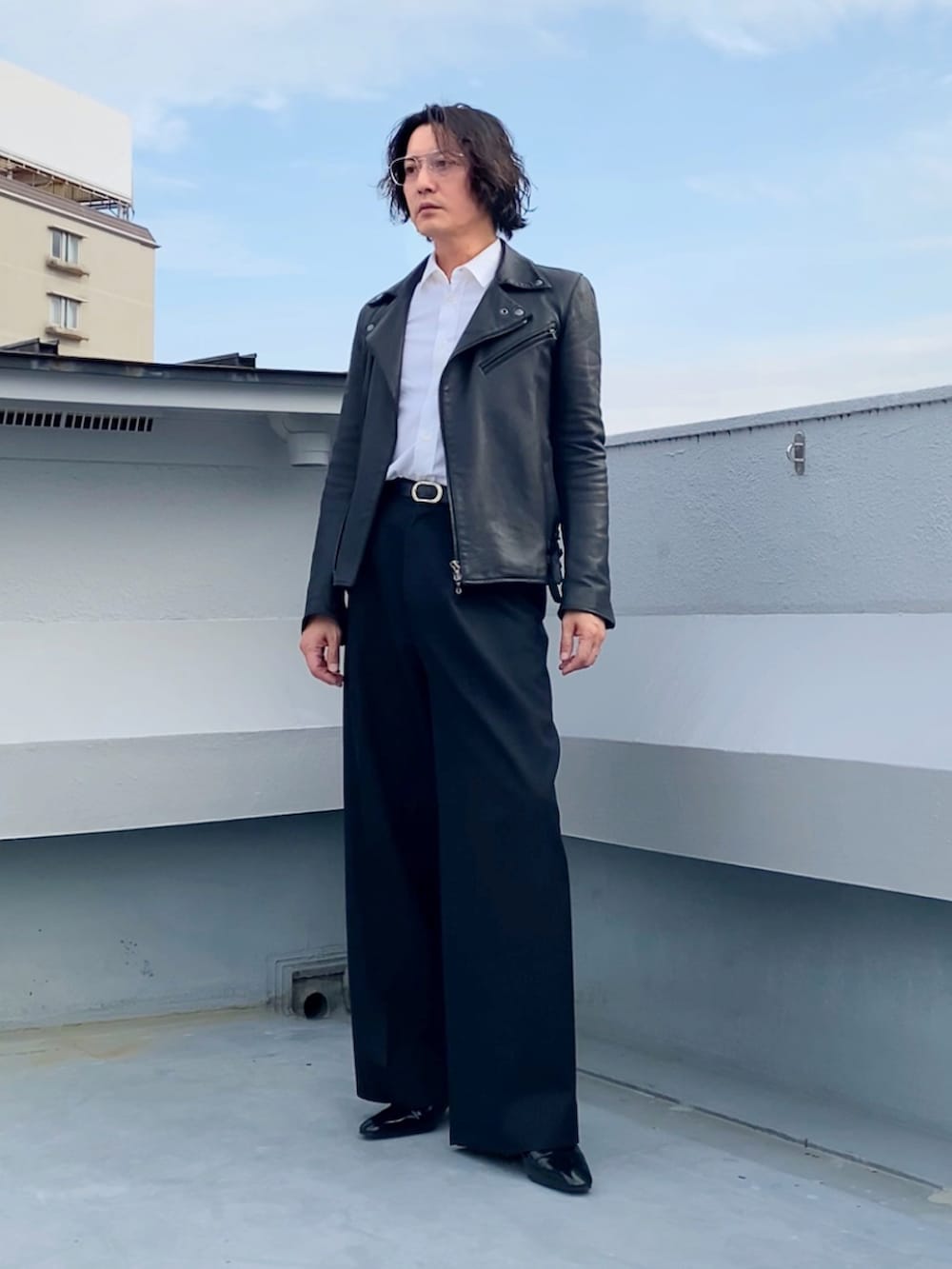 ホワイト系のシャツ/ブラウス、ブラック系のライダースジャケット、ブラック系のスラックスを着用したメンズの秋コーディネートの3枚目の写真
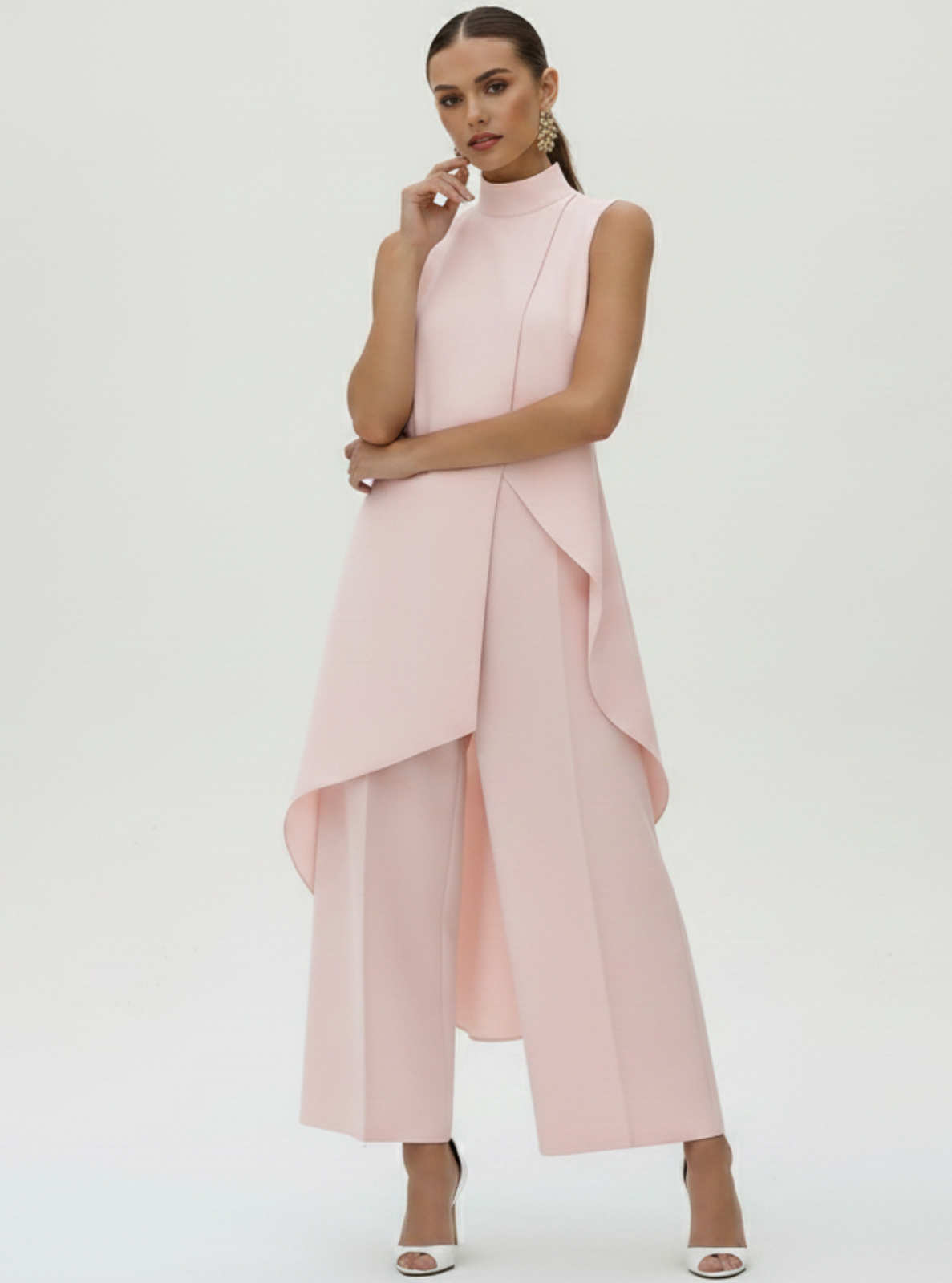 Woman wearing a pink dress with a white background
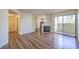 The living room showcases hardwood floors, fireplace, and access to a balcony at 698 S Racetrack Rd # 1014, Henderson, NV 89015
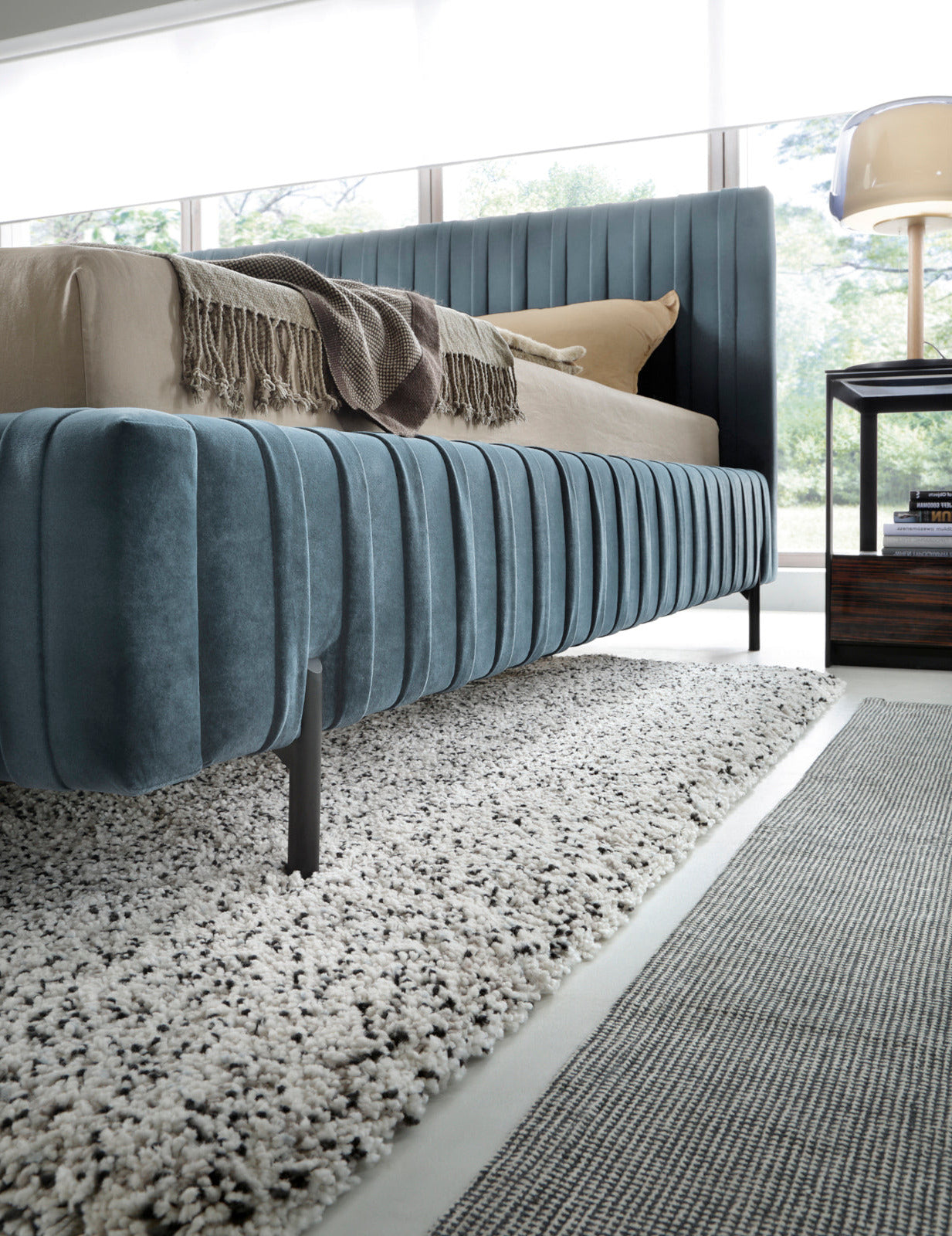 Widok boczny na dolną część ramy łóżka Plissa 180×200 w obiciu Velvetmat 100 jasnoniebieskim z cienką czarną nóżką, nad warstwą puszystego dywanu.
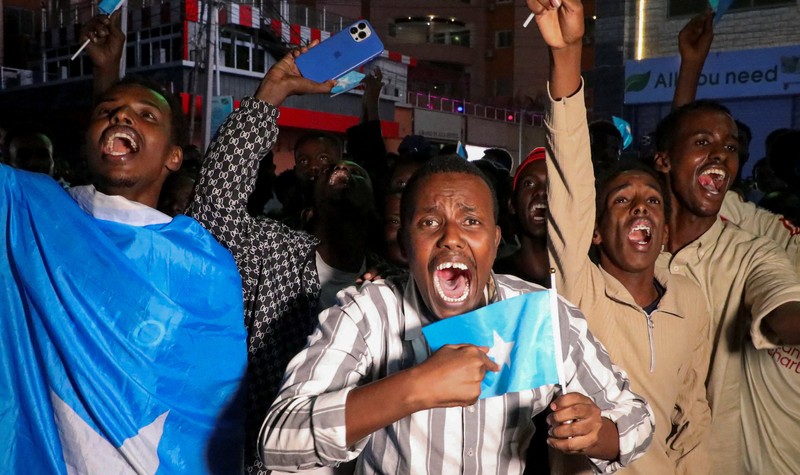 A demonstrator points to the white five‑pointed star on the Somali flag as Somalis attend a demonstration after Israel became the first country to formally recognise the self‑declared Republic of Somaliland as an independent and sovereign state, a decision that could reshape regional dynamics and test Somalia's longstanding opposition to secession, in the Hodan district of Mogadishu, Somalia, December 28, 2025. REUTERS/Feisal Omar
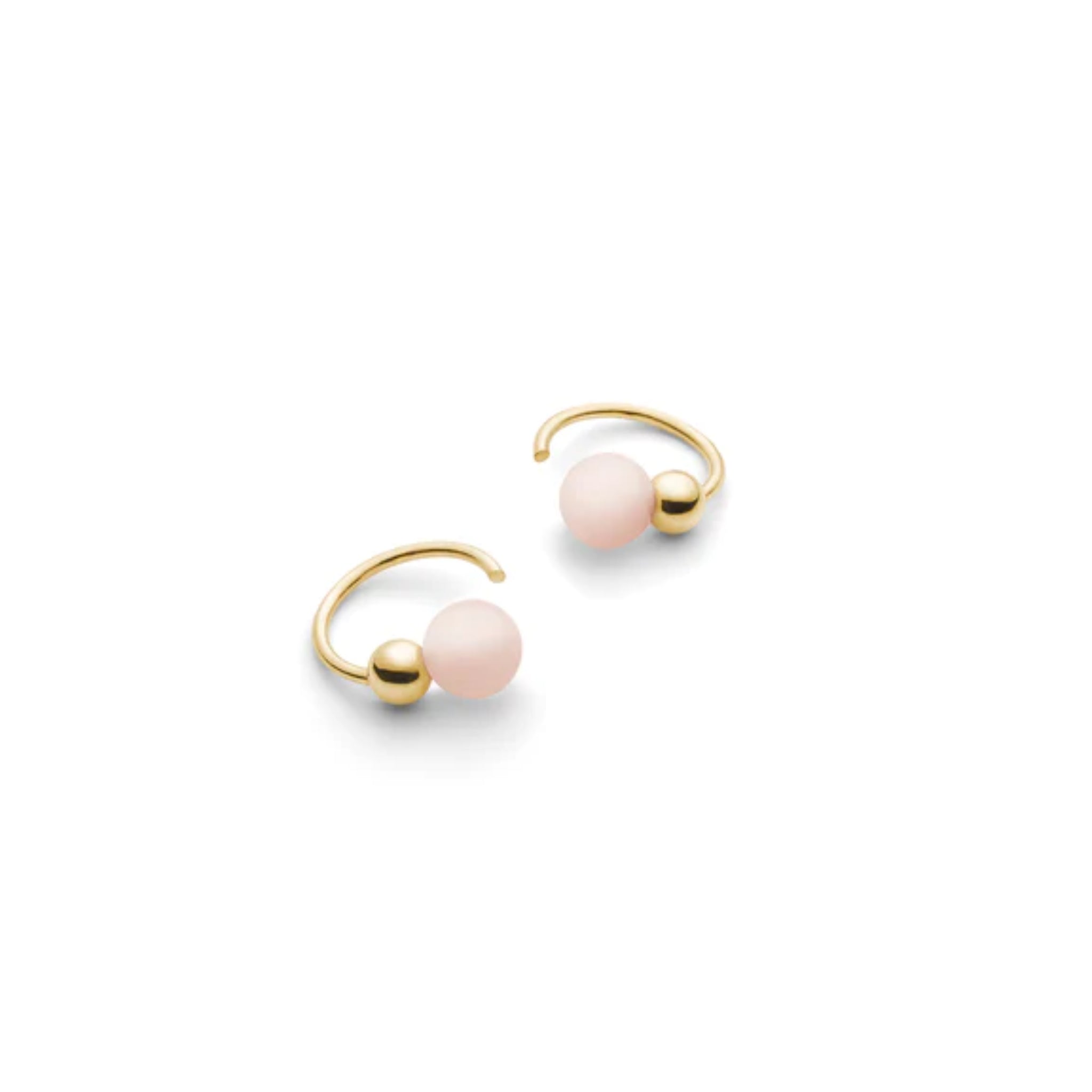 Goldene Ringe mit einer rosafarbenen Perle und einer kleinen goldenen Kugel auf weißem Hintergrund.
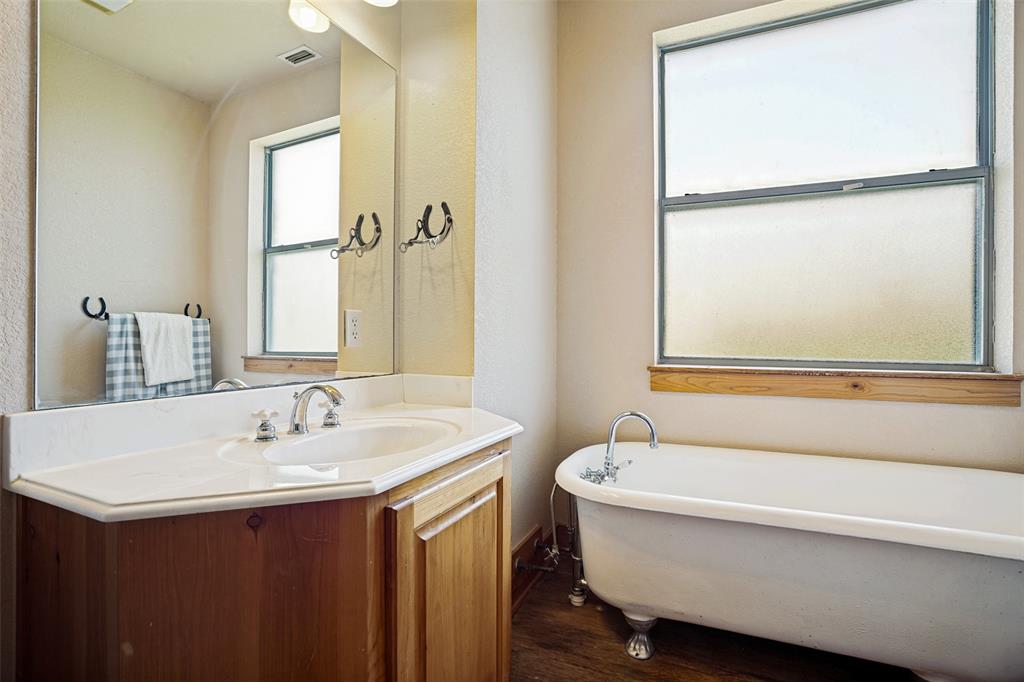 243 ROCK Court Decatur, TX 76234 - Photo 13 of 25 Bathroom featuring a clawfoot tub, wood-finish flooring, a single-basin vanity with an integrated sink, a large mirror, and a frosted window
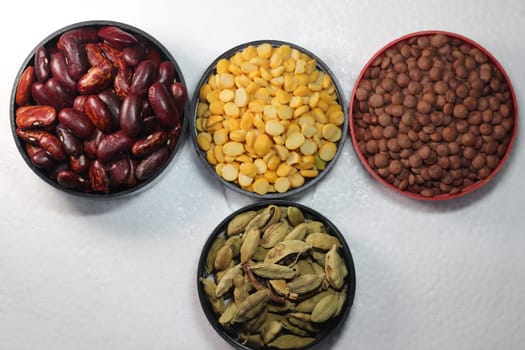 Top view of assortment of cereals, and cardamom. Collection of different spices and cereals.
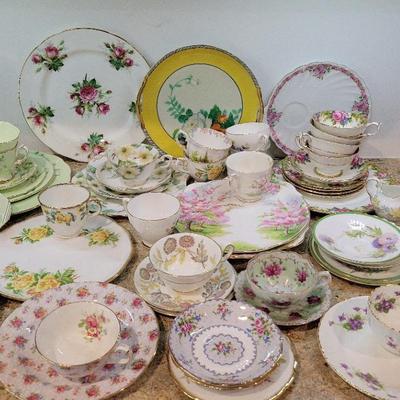 GORGEOUS ASSORTMENT OF FINE BONE CHINA INCLUDING WEDGWOOD, ROYAL DOULTON, AND MORE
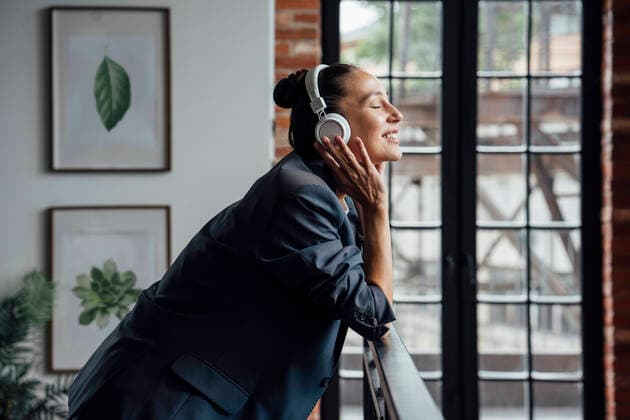 Mid adult businesswoman listening music through headphones in office model released Symbolfoto property released VPIF05014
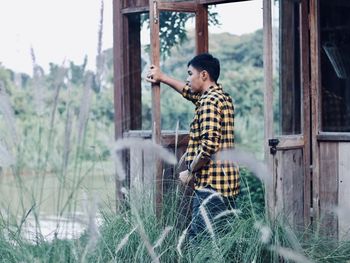 Young man sitting on window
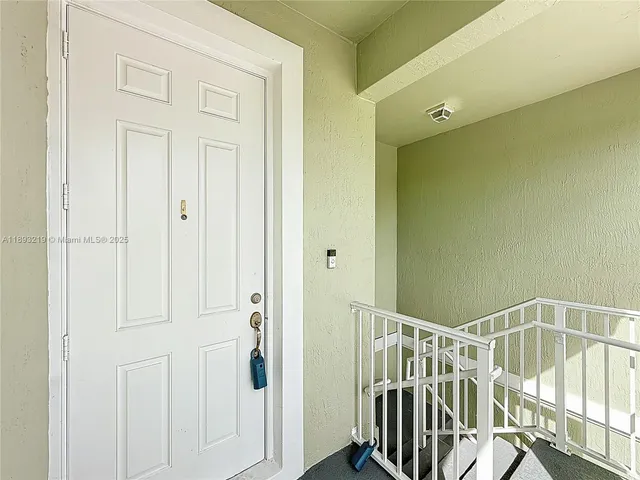 a view of a hallway with wooden floor and entryway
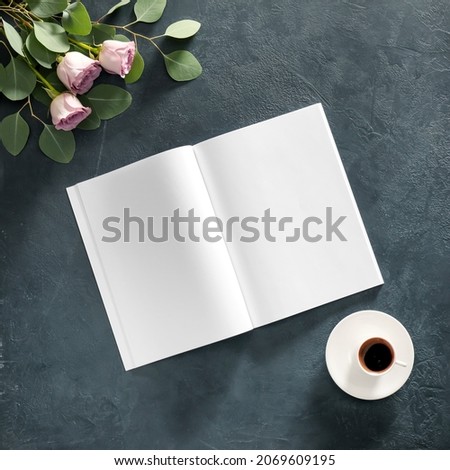 Blank magazine, coffee and flowers on grey background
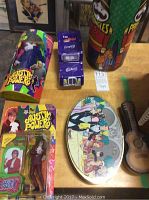 Photo showing Austin Powers action figure in packaging, metal Cadbury truck, Pringles tin, and two collectible tins including guitar-shaped and oval-shaped tins.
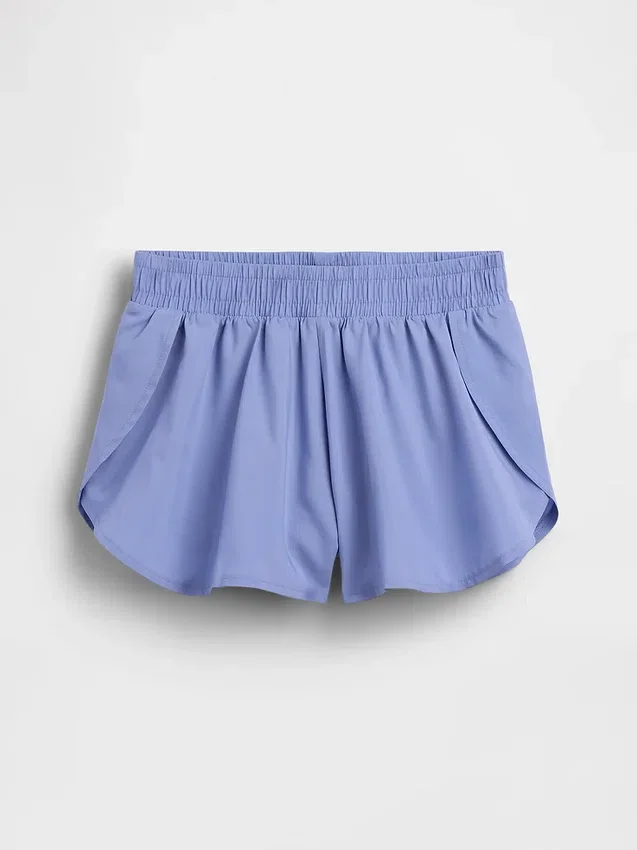 Schnelltrocknende Laufshorts für Kinder mit Schmetterlingssaum
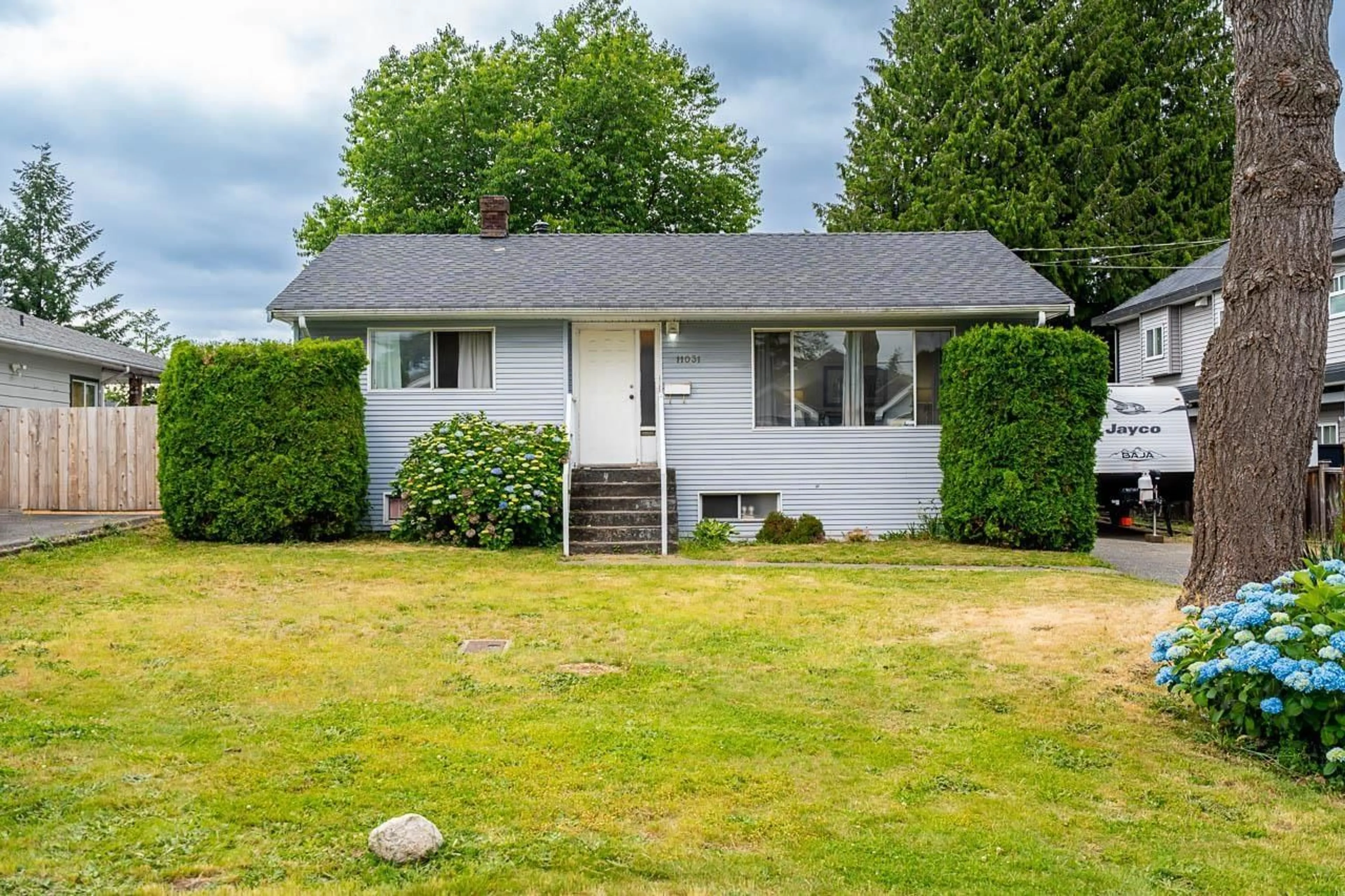 Home with vinyl exterior material, street for 11031 131A, Surrey British Columbia V3S3S1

——

### Task item:
Please print the lines exactly, from the top of the material through the line with "Widok boczny na", and omit the pictures.

### Written reply:
 ホワイト系のシャツ/ブラウス、ブラック系のライダースジャケット、ブラック系のスラックスを着用したメンズの秋コーディネートの3枚目の写真
 Woman wearing a pink dress with a white background
 The living room showcases hardwood floors, fireplace, and access to a balcony at 698 S Racetrack Rd # 1014, Henderson, NV 89015
 Widok boczny na dolną część ramy łóżka Plissa 180×200 w obiciu Velvetmat 100 jasnoniebieskim z cienką czarną nóżką, nad warstwą puszystego dywanu.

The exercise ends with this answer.